Problem: The response should repeat word for word every line below from the one with "Used 2023 Ford" to the one with "2027 Club Car Onward HP Li-Ion photo 2", inclusive, and nothing else; leave pictures out.

Supplied records:
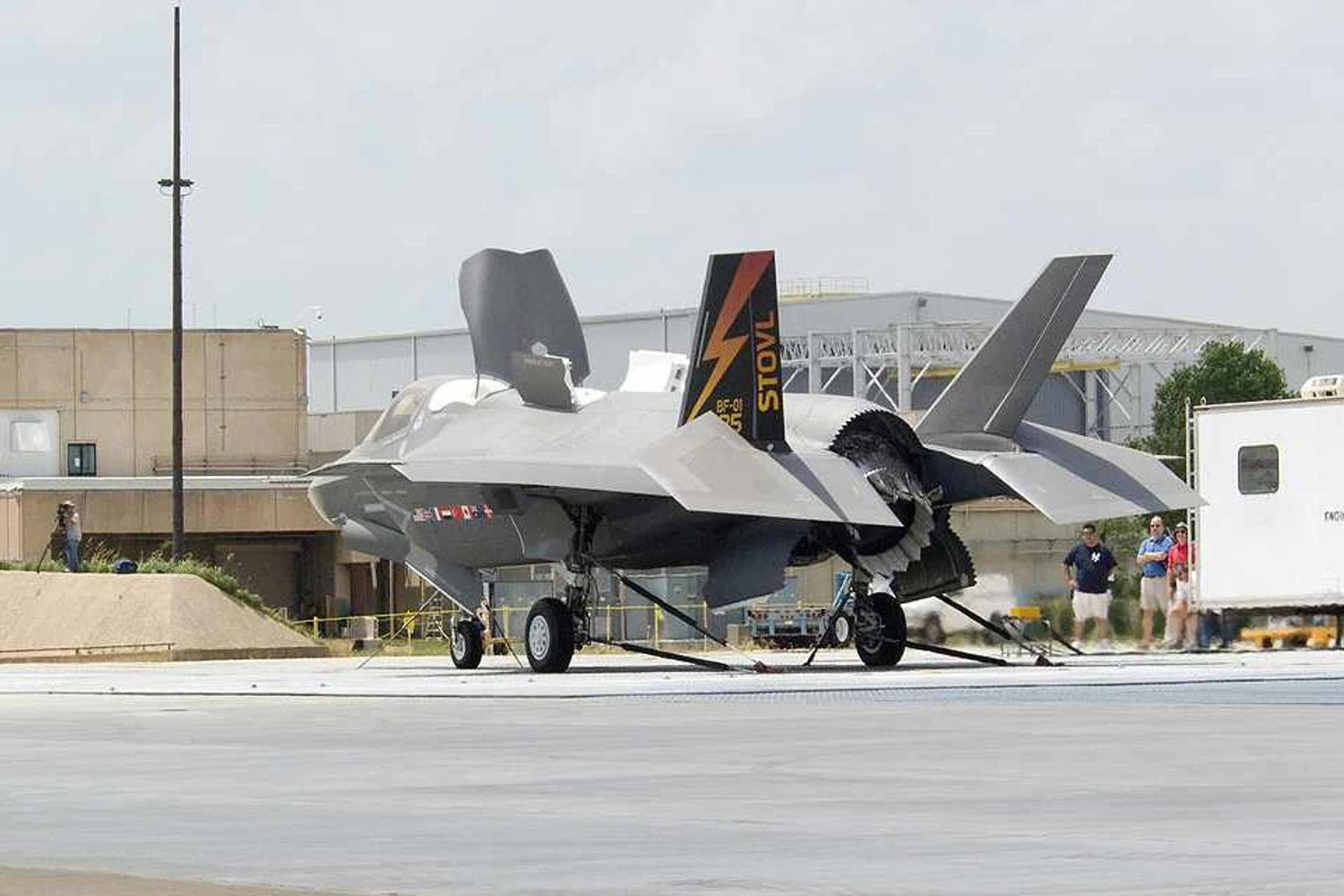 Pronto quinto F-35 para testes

* * *

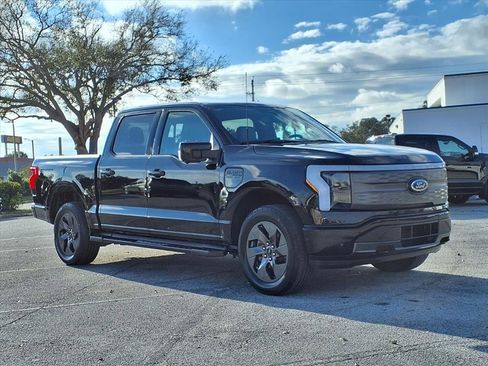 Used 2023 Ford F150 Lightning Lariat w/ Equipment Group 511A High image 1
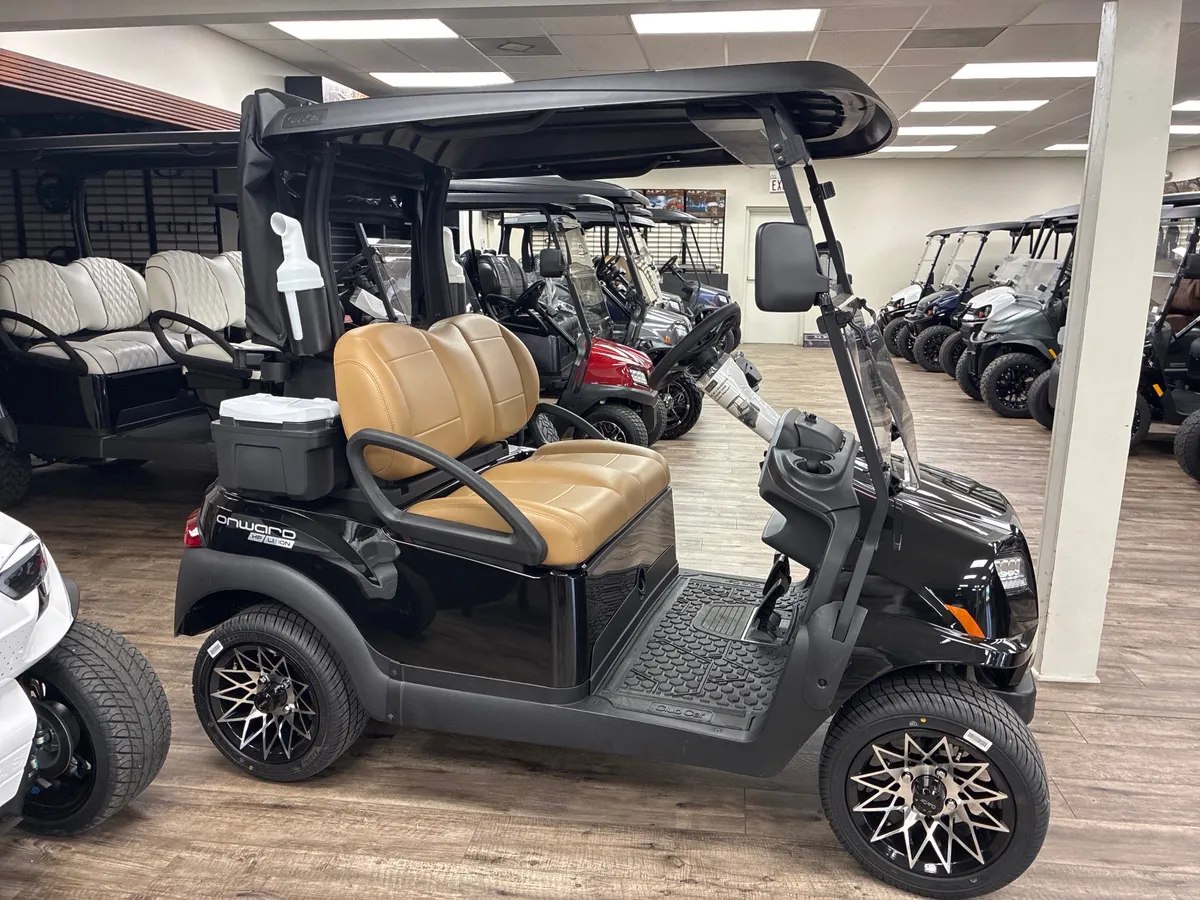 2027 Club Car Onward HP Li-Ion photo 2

--

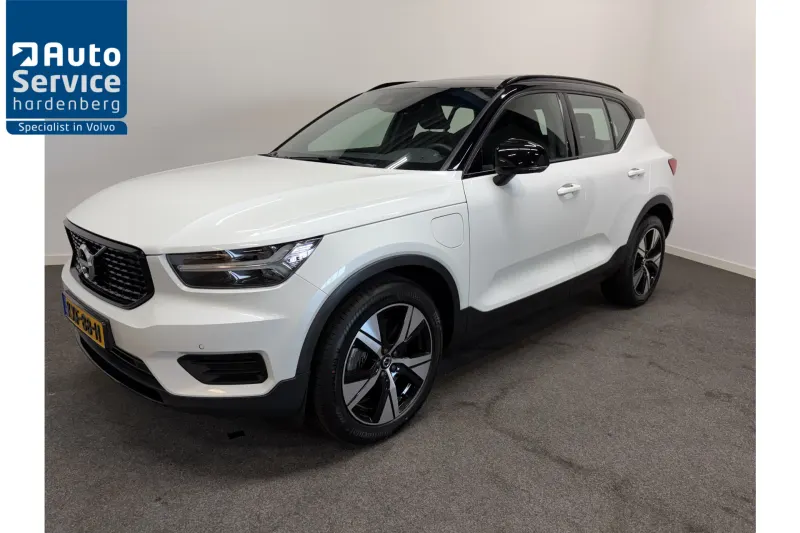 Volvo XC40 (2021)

Completed exercise:
 Used 2023 Ford F150 Lightning Lariat w/ Equipment Group 511A High image 1
 2027 Club Car Onward HP Li-Ion photo 2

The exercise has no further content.